JAKARTA (Arrahmah.com) – Majelis Ulama Indonesia (MUI) meminta penyelengara pemilu, yakni KPU, Bawaslu serta DKPP, untuk bersikap netral dan profesional dalam menjalankan tugasnya menyelenggarakan Pemilu 2019 yang jujur dan adil.
“Kejujuran dan keadilan ini sangat penting untuk tahapan selanjutnya,” ujar Ketua Dewan Pertimbangan MUI Prof Din Syamsudin dalam konferensi pers di Kantor MUI, Jalan Proklamasi, Jakarta Pusat, Jumat (19/4/2019) malam.
Dewan Pertimbangan dan Dewan Pimpinan MUI menggelar Tausiah Kebangsaan menyikapi dinamika politik setelah pemungutan suara Pemilu 2019 yang bersisi tujuh poin seruan atau imbauan.
Seruan tersebut antara lain mendesak kepada penyelenggara pemilu agar bekerja sesuai amanat konstitusi.
Menurut Din, pemilu diselenggarakan harus berdasarkan asas langsung, bebas, rahasia, serta jujur dan adil untuk melaksanakan tahapan-tahapan berikutnya dengan senantiasa berpegang teguh kepada asas pemilu khususnya kejujuran dan keadilan.
Din menyebutkan, poin keempat tausiah ini khusus bagi KPU, Bawaslu dan DKPP untuk menunaikan amanat konstitusi, agar pemilu yang diselenggarakan secara langsung umum, bebas, rahasia, jujur dan adil. Berlaku profesional, objektif, transparan dan imparsial atau non partisan.
“Netralitas KPU, Bawaslu, DKPP dapat poin khusus dalam rapat MUI. Tertuang dalam tausiah kebangsaan, mendesak KPU, Bawaslu, DKPP melaksanakan tahapan sesuai mandat kontitusi,” jelasnya.
Sementara itu, Ketua Komisi Luar Negeri MUI, KH Muhyidin Junaidi mengatakan, penyelenggara pemilu yang harusnya menjadi wasit terlaksananya pemilu yang jujur dan adil.
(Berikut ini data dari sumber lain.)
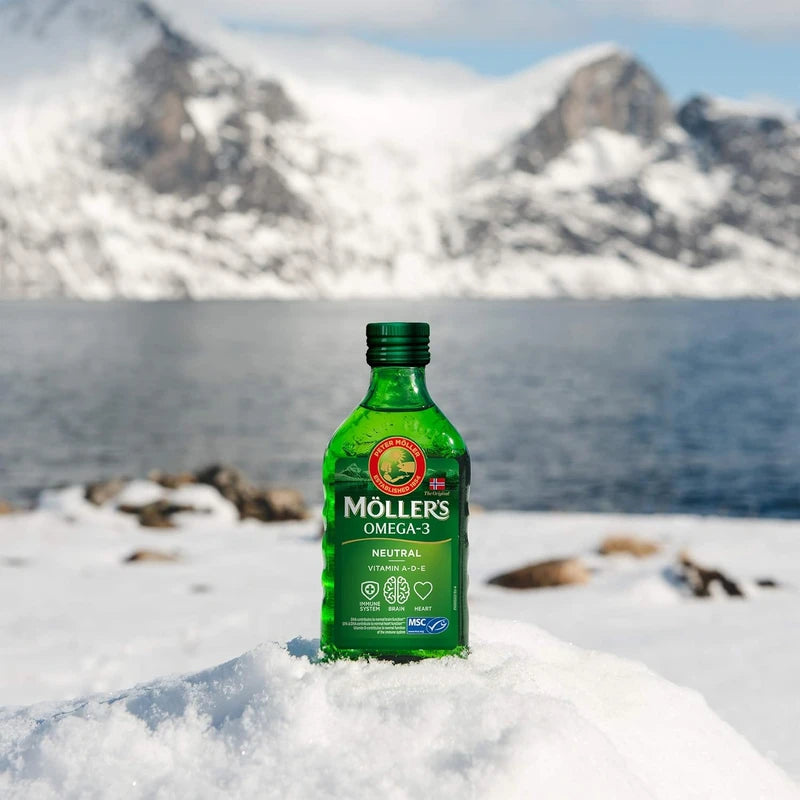 Möller's Omega 3 Cod Liver Oil, Omega 3 Dietary Supplement with EPA, DHA, Vit A, D and E, High Purity Natural Cod Liver Oil, 165 Year Old Brand, Superior Taste Award, Neutral Taste, 250 ml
“Dari pantauan yang kami lakukan penyelenggara pemilunjustru seakan-akan menjadi bagian dari pemain di lapangan. Kami melihat absensi netralitas penyelenggara, menimbulkan konflik horizontal di masyarakat,” ungkap Muhyidin.
Muhyidin mengungkapkan, pemilu di Indonesia dinilai oleh pengamat luar negeri sebagai pemilu yang unik. Serentak dilakukan di 800 ribu TPS seluruh Indonesia. Tetapi pemilu 2019 ini penuh peristiwa yang justru merusak nama baik Indonesia di mata internasional.
Karena itu, Muhyidin mengimbau kepada penyelenggara pemilu bersikap dewasa serta jangan mau dipengaruhi, ditekan. Karena penyelenggara pemilu dipilih oleh pemerintah dan rakyat agar menjadi wasit yang jujur dan adil.
“Kalau penyelenggaran pemilu tidak netral akan merusak nama Indonesia,” tandasnya.